The BBC has been forced to delay the launch of its new Micro:Bit computer that it had planned to dish out to school kids, following manufacturing problems.
Wired reports that the corporation had been planning to distribute 1m of the devices to Year 7 pupils as they start school this month to encourage them to get coding, but it now looks like kids won't be receiving their tiny computers until as late as the Spring term next year. What makes this particularly annoying is that the news will no doubt upset teachers' lesson plans, and limit the value that kids will get out of the new device.
The problems apparently stem from tough delivery deadlines and redesigns late in the manufacturing process. The original prototype that was originally shown off to the press was eventually deemed "too ugly", and the features that were demanded kept changing.
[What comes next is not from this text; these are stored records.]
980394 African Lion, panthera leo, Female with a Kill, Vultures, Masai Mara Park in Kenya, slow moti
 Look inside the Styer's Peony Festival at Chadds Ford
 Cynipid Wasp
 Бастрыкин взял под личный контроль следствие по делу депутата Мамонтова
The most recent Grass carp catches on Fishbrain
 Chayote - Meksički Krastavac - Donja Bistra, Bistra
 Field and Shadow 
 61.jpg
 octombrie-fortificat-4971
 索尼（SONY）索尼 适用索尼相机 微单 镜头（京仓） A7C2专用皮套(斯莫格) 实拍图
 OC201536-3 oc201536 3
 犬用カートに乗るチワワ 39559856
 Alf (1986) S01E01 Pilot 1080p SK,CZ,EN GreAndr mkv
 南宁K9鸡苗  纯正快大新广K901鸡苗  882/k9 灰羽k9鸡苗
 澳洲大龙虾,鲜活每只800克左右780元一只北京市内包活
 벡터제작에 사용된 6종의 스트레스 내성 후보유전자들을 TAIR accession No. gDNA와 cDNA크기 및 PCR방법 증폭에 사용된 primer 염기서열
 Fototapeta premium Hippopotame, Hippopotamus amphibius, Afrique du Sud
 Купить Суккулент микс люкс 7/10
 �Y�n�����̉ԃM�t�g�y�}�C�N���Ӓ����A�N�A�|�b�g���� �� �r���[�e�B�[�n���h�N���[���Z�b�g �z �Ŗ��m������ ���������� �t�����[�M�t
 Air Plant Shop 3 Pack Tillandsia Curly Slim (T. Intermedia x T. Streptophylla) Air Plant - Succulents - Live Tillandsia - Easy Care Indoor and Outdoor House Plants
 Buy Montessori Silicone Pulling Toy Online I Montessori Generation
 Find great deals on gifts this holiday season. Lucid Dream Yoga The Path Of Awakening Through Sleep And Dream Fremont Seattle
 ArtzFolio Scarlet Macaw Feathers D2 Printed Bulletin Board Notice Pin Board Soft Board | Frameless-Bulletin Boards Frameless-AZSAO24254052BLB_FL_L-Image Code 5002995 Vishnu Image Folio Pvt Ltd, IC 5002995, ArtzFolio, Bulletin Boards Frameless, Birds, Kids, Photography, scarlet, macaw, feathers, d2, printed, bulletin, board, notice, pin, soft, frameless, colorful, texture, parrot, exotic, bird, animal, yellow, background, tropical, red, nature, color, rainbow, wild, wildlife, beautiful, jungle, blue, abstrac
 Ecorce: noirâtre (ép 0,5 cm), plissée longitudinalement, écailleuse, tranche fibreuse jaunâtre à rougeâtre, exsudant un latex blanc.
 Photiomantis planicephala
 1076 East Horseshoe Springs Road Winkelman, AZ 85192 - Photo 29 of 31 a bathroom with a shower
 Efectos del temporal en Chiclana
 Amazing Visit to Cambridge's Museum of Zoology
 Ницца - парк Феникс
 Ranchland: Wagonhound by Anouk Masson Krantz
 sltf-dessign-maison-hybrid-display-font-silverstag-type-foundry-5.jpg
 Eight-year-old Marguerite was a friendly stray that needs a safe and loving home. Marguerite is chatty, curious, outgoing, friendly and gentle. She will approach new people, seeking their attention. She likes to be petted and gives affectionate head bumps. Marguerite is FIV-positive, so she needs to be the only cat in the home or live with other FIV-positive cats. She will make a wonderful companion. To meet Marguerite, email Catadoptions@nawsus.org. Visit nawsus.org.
Apparently even how the device would be powered changed at the last minute - changing from a "coin shaped" round battery to an external AA battery pack.
What makes it slightly awkward for the BBC is that the initial release was supposed to coincide with the BBC's massive Make It Digital season of programmes which started this week - perhaps most notably with a feature length drama on the Grand Theft Auto controversy starring Daniel Radcliffe as Rockstar founder Dan Houser.
As Wired notes, the delay isn't without precedent from a generation ago. The original BBC Micro computer was released in 1982 after lengthly delays - prompting outcry from commentators back then too.